Sunday, March 20, 2011

Spring break, with pirates

I spent the week on vacation with my family. We drove to Denver to stay with my wife's sister and enjoy the tourist attractions. Among those was the Denver Museum of Nature and Science, where they had a special touring exhibit, Real Pirates! The exhibit was wonderful, and inspiring for my current writing project.

The exhibit featured artifacts from the Whydah, a slave galley turned pirate ship by "Black Sam" Bellamy in the golden age of piracy. The ship wrecked off the coast of Cape Cod in 1717 during a storm. Barry Clifford located the wreck in the 80s, and it's now touring the nation in various museums. The exhibit displays the usual stuff -- cannonballs, parts of muskets, various tools and utensils, and an impressive display of real pirate treasure in the form of hundreds (thousands?) of silver coins. It also had many interesting insights into the make-up of pirate crews (including many black and Native American sailors, their mentality about going "on the account" (a.k.a. signing on to be a pirate), their almost dandy style, and the cultural mess of the triangular slave trade.

I tried to sketch down some notes about it all, but managed to lose the notes on my smart phone. Still, it was inspiring stuff, and I managed to write down much in my journal later on.

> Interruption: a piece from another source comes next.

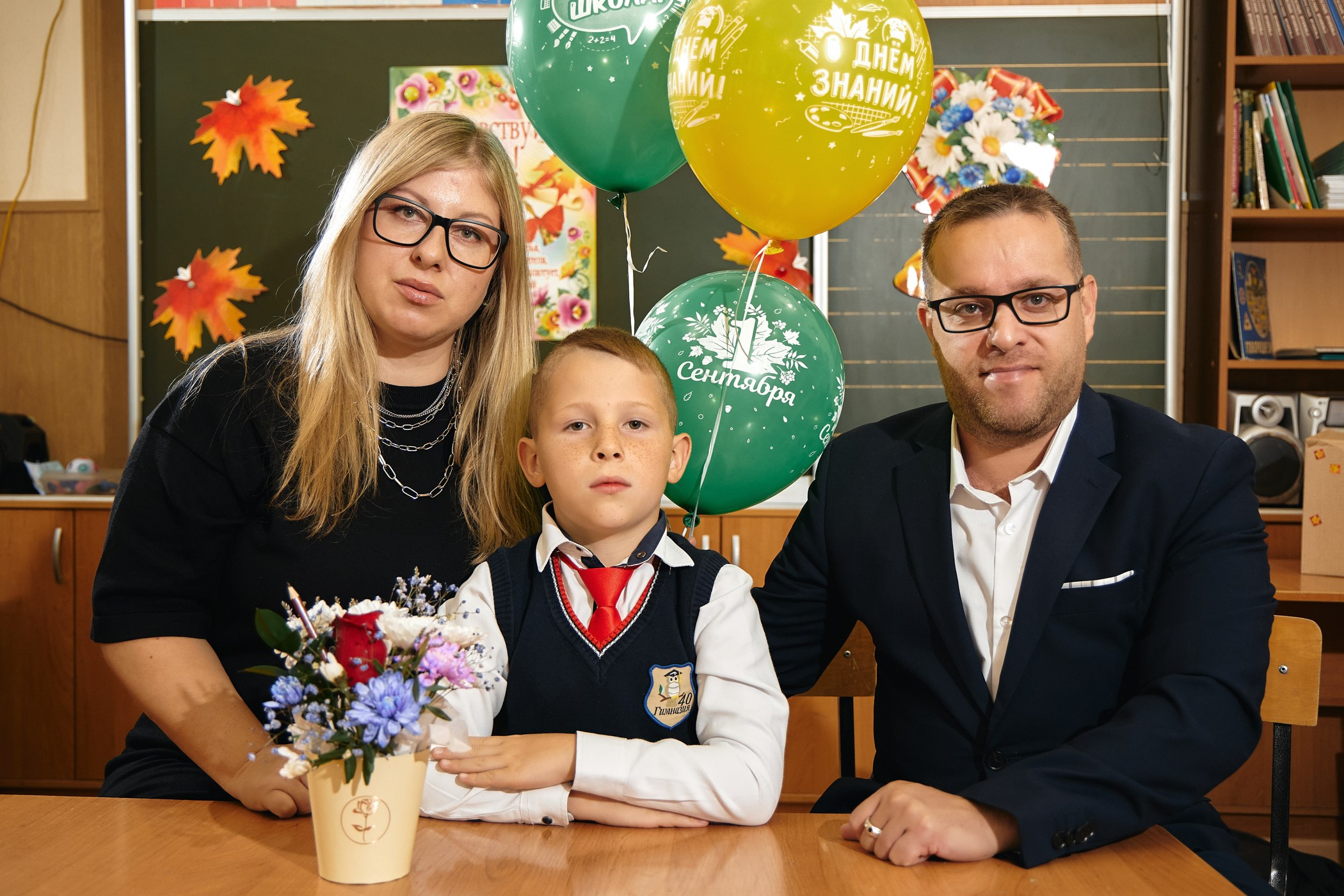 1 Сентября. Фотограф Барнаул Быстро-Качественно опыт 15+лет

Canada and I decided to cut our trip a bit short and drive back home late Thursday night. She asked about my note taking and what I was up to with this writing thing. I explained it all to her, my idea for a fantastical novel of sky pirates. She knew I had been up to something, and I think is more than a little pleased I'm finally getting around to that writing thing she's always wanted me to do. She has no idea how I needed to get all that out from the echoes of my head.

I spent a lot of time this weekend doing more research and sketching out more ideas, names, second-world geography. Oh, true, it's not the first time I've dived into a creative project like this, and often those ideas sit idle, or used in ways other than fiction writing. But, I have an inkling -- only that so far -- that I'm finally getting myself into a strange routine to see this through.